→ What the task asks: Each record below should be reproduced as it is written, with pictures left out entirely.

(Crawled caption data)
== == ==
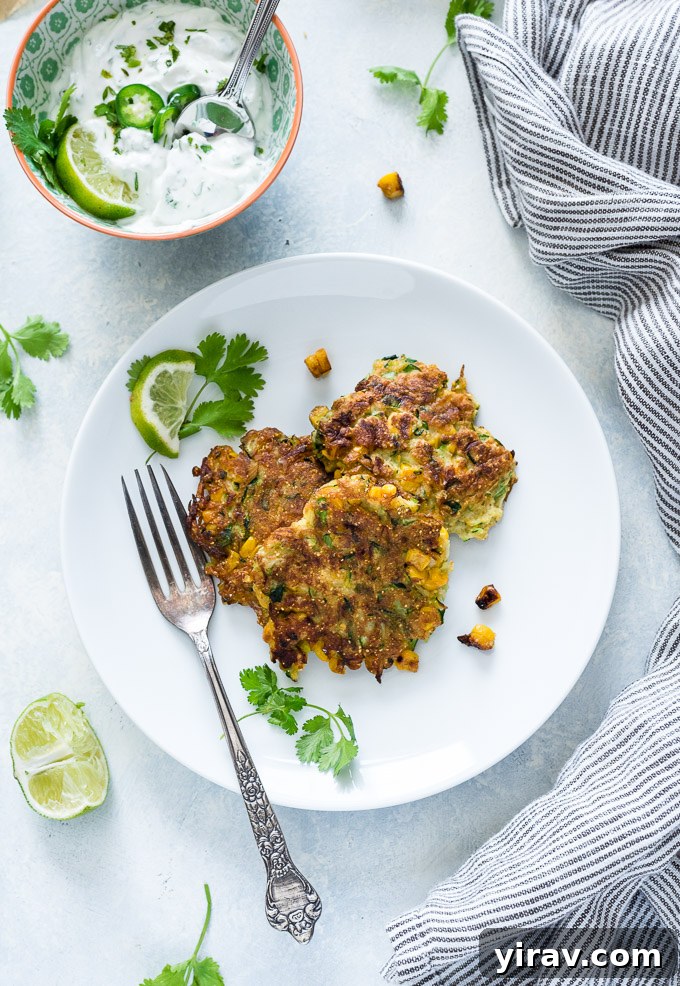 Plate of zucchini and corn fritters with a side of cilantro lime yogurt, seen from above.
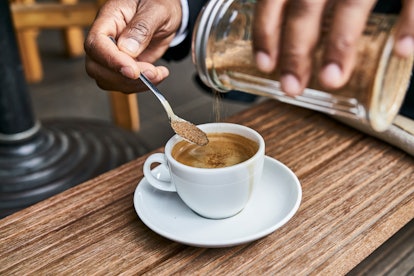 A person putting sugar in coffee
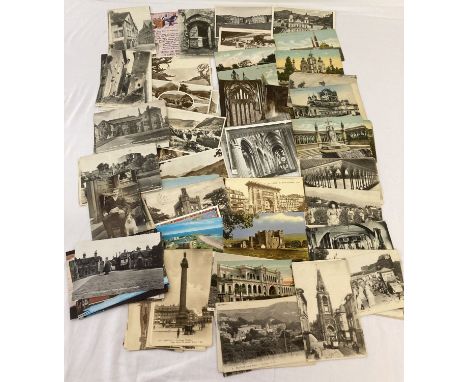 A collection of 127 antique and vintage postcards depicting British, French and Indian buildings, Rural areas and destination
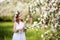 Beautiful young girl in blue dress in the garden with blosoming  apple trees. Cute girl  holding apple-tree branch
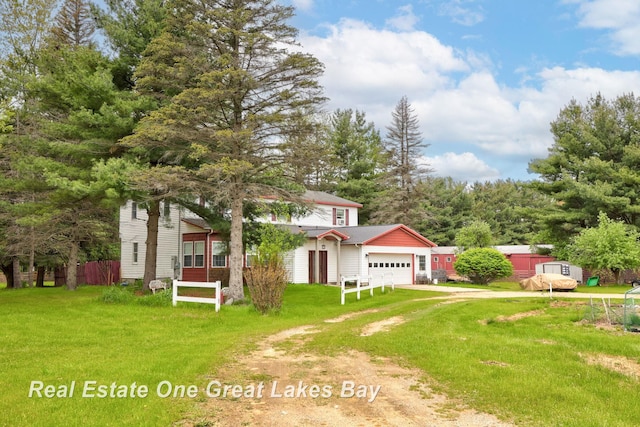 4080 Cat Lake Rd, Mayville, MI 48744 - view of front of home featuring an attached garage, dirt driveway, and a front lawn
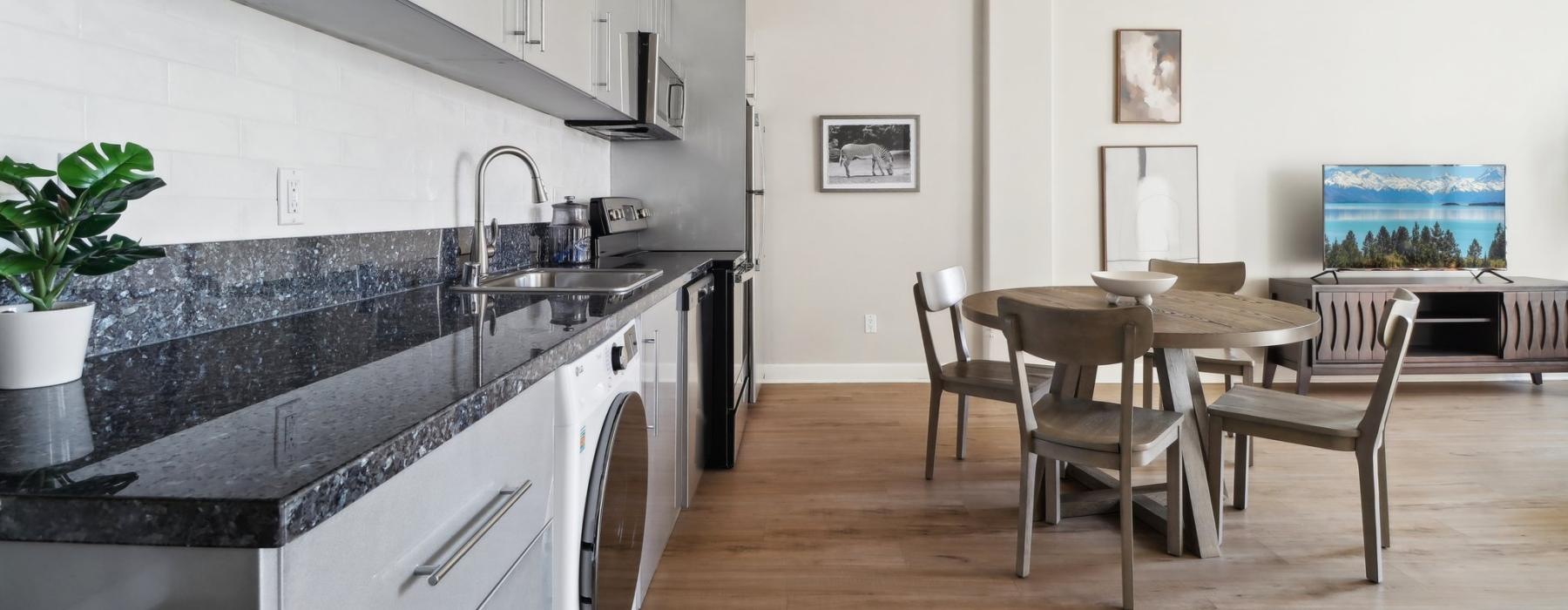a kitchen with a table and chairs
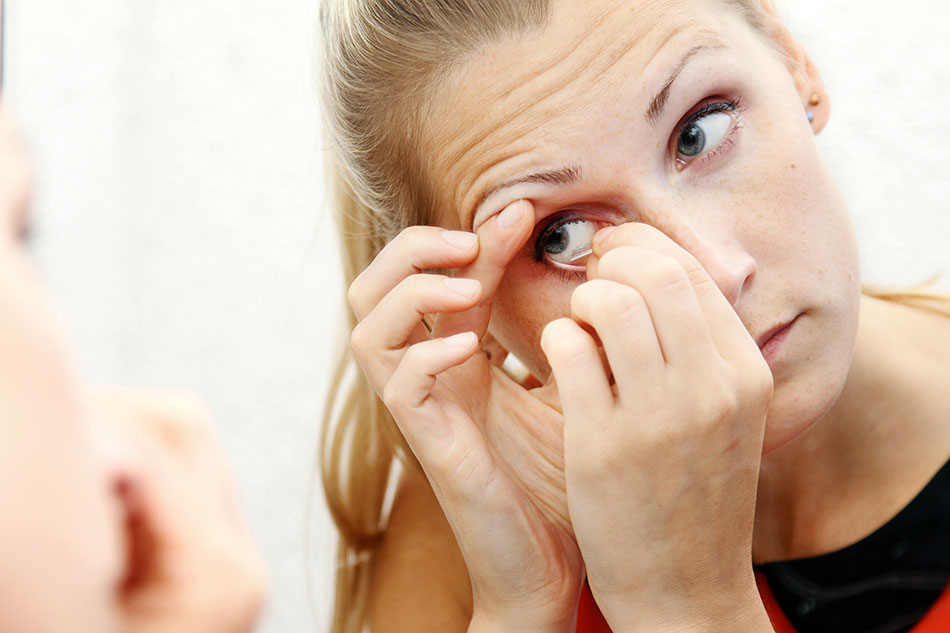 blonde woman removing contact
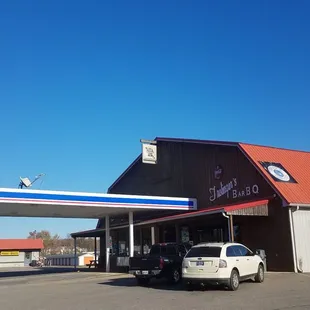 a gas station with cars parked in front of it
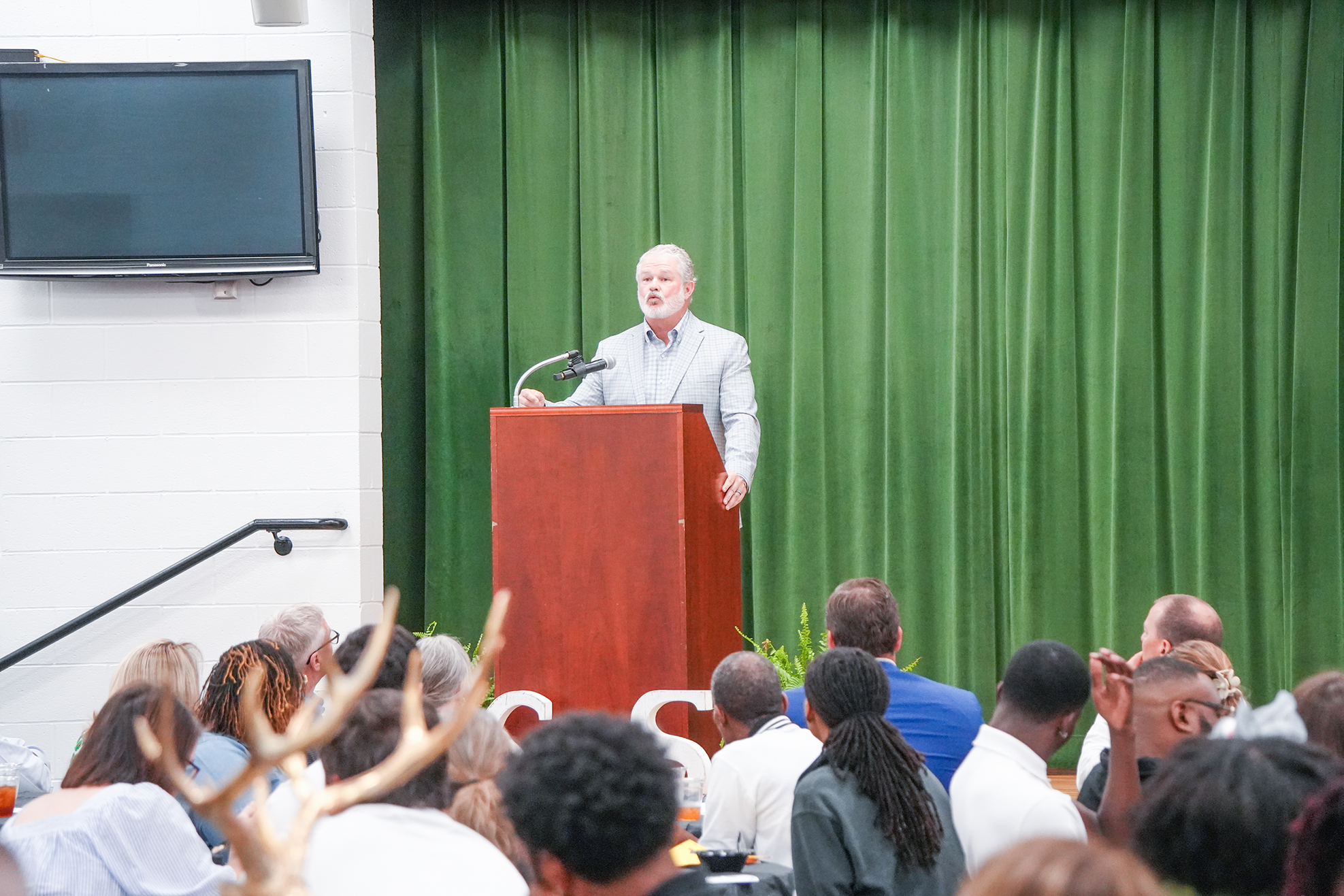 A man speaks at a podium in a room with a green curtain; several people sit in front of him.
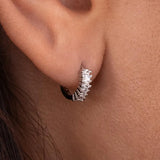 Silver hoop earring worn by a person with a neutral background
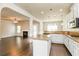 Open-concept kitchen featuring granite countertops, stainless steel appliances, and breakfast bar to living room at 245 Astoria Way, Mcdonough, GA 30253
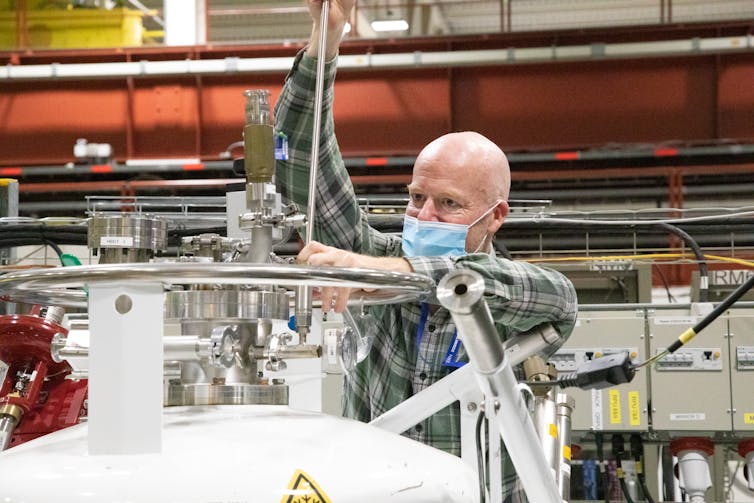 A man inserts a rod into a container of liquid hydrogen in a lab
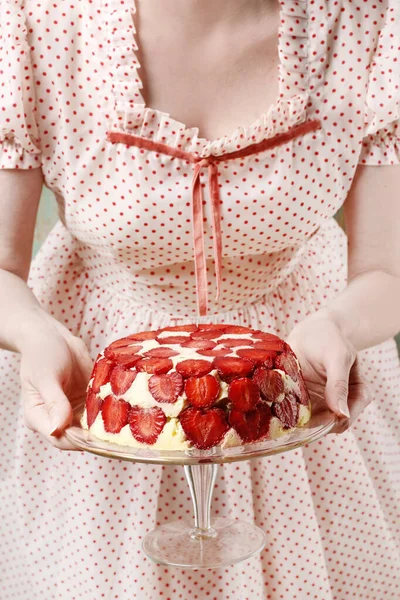 A woman in a white polka dot dress is holding a strawberry cake — Stock Photo, Image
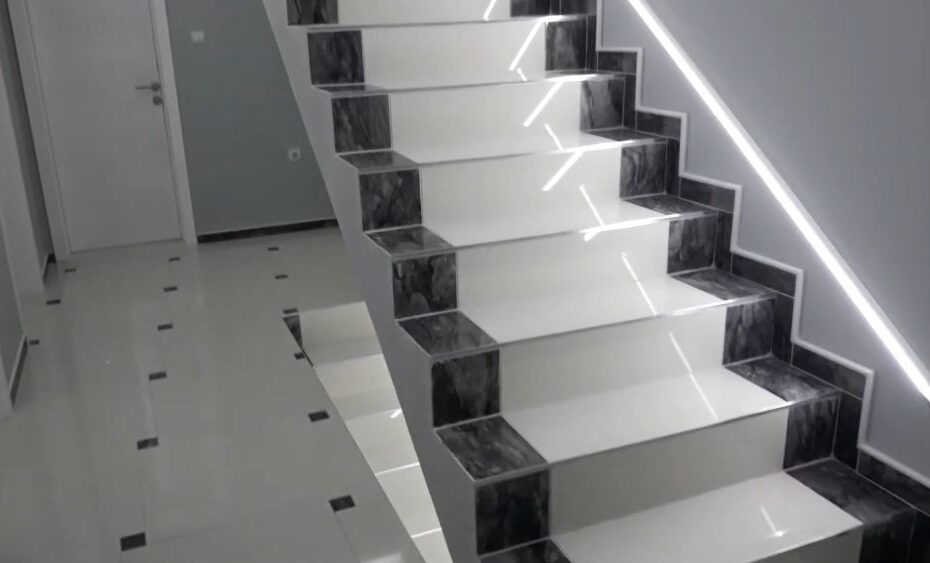 Moderno unutrašnje stepenište sa LED rasvetom i kontrastnim pločicama u hodniku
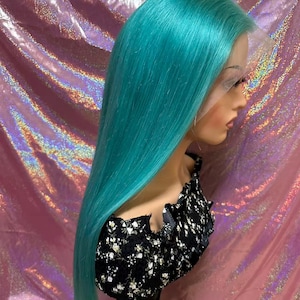 May include: A turquoise wig with long, straight hair is displayed on a mannequin head. The wig has a lace front and is styled with a side part. The mannequin is wearing a black top with a white floral pattern. The background is a shiny, pink surface.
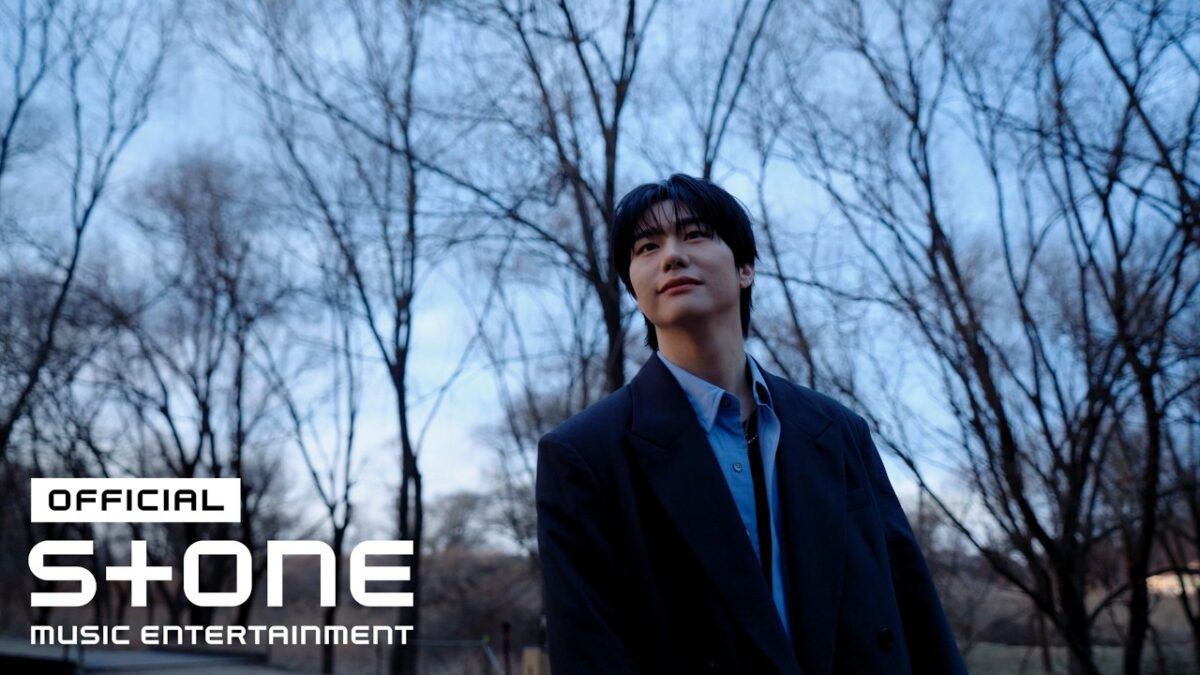 Kang Seungsik sorri enquanto observa o céu em um ambiente natural com árvores secas ao fundo.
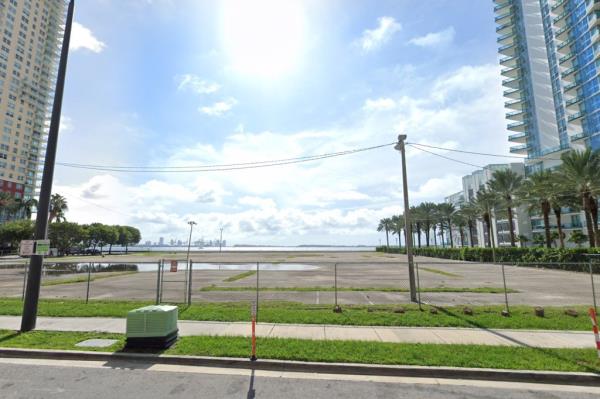 Empty parking lot with large puddle in Miami by the bay.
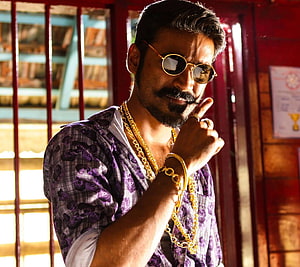 Dhanush in Maari wearing round sunglasses and gold chains in a purple patterned shirt HD wallpaper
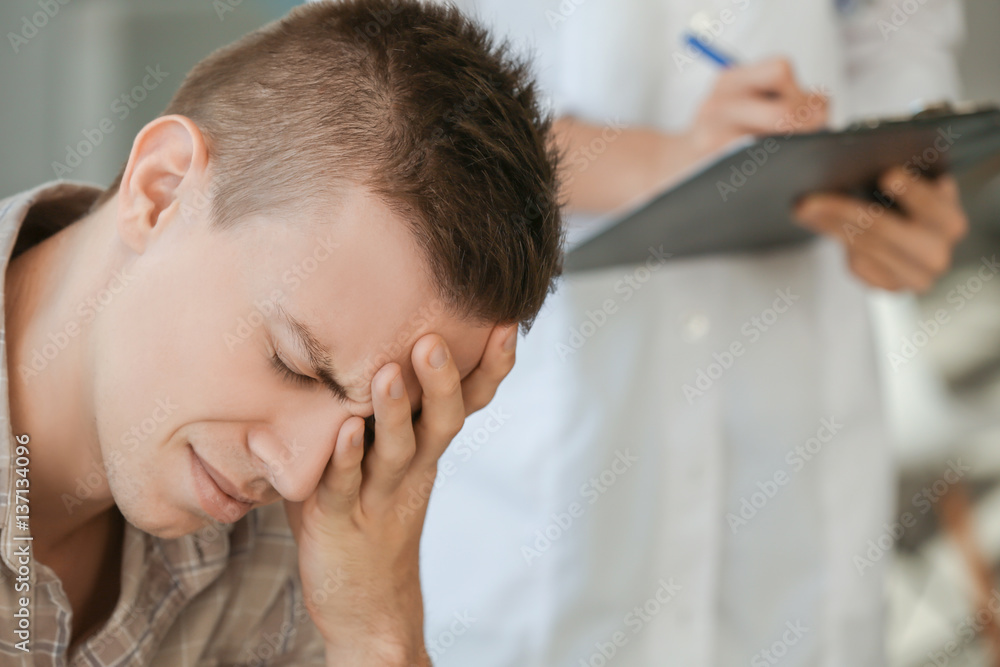 Young depressed man at doctor's office, closeup Young depressed man at doctor's office, closeup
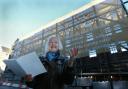 Edinburgh's Makar Christine De Luca reads poetry in front of the UK's largest poem which was unveiled in Edinburgh's Canongate. 'Spiral' has been reproduced on a 25x8 metre benner to mark National Poetry Day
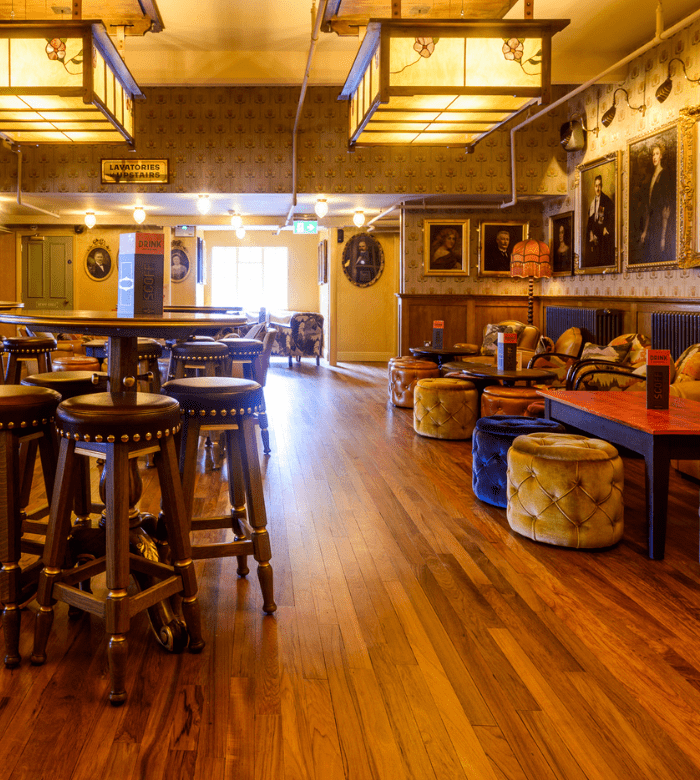 A cozy pub interior with wooden floors, high stools, plush ottomans, patterned wallpaper, and framed portraits on the wall. Warm lighting and sunlight from a window create a welcoming atmosphere.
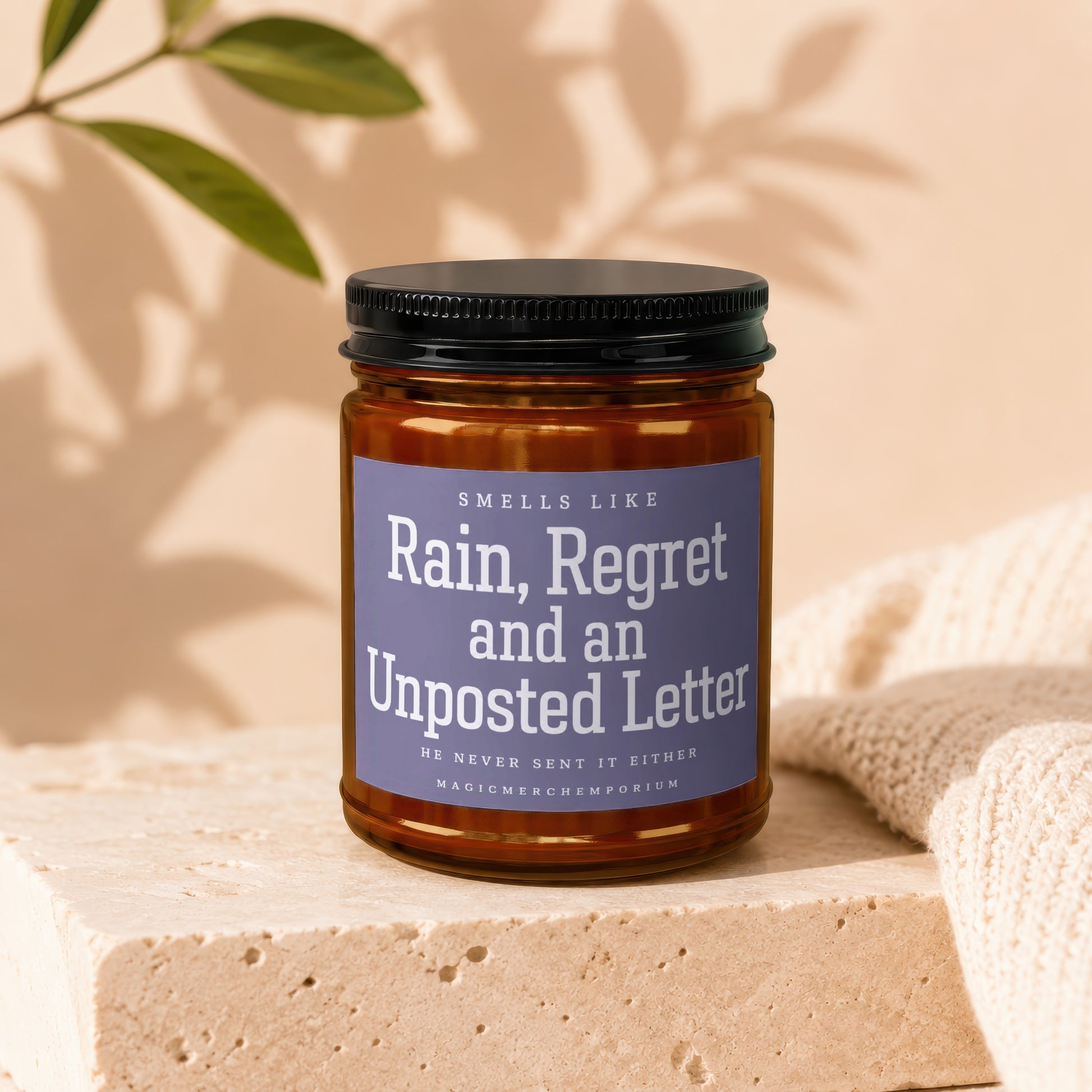 Amber jar candle with purple label reading "Rain, Regret and an Unposted Letter."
== == ==
→ Response to the exercise:
 Plate of zucchini and corn fritters with a side of cilantro lime yogurt, seen from above.
 A person putting sugar in coffee
 A collection of 127 antique and vintage postcards depicting British, French and Indian buildings, Rural areas and destination
 Beautiful young girl in blue dress in the garden with blosoming  apple trees. Cute girl  holding apple-tree branch
 4080 Cat Lake Rd, Mayville, MI 48744 - view of front of home featuring an attached garage, dirt driveway, and a front lawn
a kitchen with a table and chairs
 blonde woman removing contact
 a gas station with cars parked in front of it
 A man speaks at a podium in a room with a green curtain; several people sit in front of him.
 Silver hoop earring worn by a person with a neutral background
 Open-concept kitchen featuring granite countertops, stainless steel appliances, and breakfast bar to living room at 245 Astoria Way, Mcdonough, GA 30253
 A man inserts a rod into a container of liquid hydrogen in a lab
 A woman in a white polka dot dress is holding a strawberry cake — Stock Photo, Image
 Moderno unutrašnje stepenište sa LED rasvetom i kontrastnim pločicama u hodniku
 May include: A turquoise wig with long, straight hair is displayed on a mannequin head. The wig has a lace front and is styled with a side part. The mannequin is wearing a black top with a white floral pattern. The background is a shiny, pink surface.
 Kang Seungsik sorri enquanto observa o céu em um ambiente natural com árvores secas ao fundo.
 Empty parking lot with large puddle in Miami by the bay.
 Dhanush in Maari wearing round sunglasses and gold chains in a purple patterned shirt HD wallpaper
 Young depressed man at doctor's office, closeup Young depressed man at doctor's office, closeup
 Edinburgh's Makar Christine De Luca reads poetry in front of the UK's largest poem which was unveiled in Edinburgh's Canongate. 'Spiral' has been reproduced on a 25x8 metre benner to mark National Poetry Day
 A cozy pub interior with wooden floors, high stools, plush ottomans, patterned wallpaper, and framed portraits on the wall. Warm lighting and sunlight from a window create a welcoming atmosphere.
 Amber jar candle with purple label reading "Rain, Regret and an Unposted Letter."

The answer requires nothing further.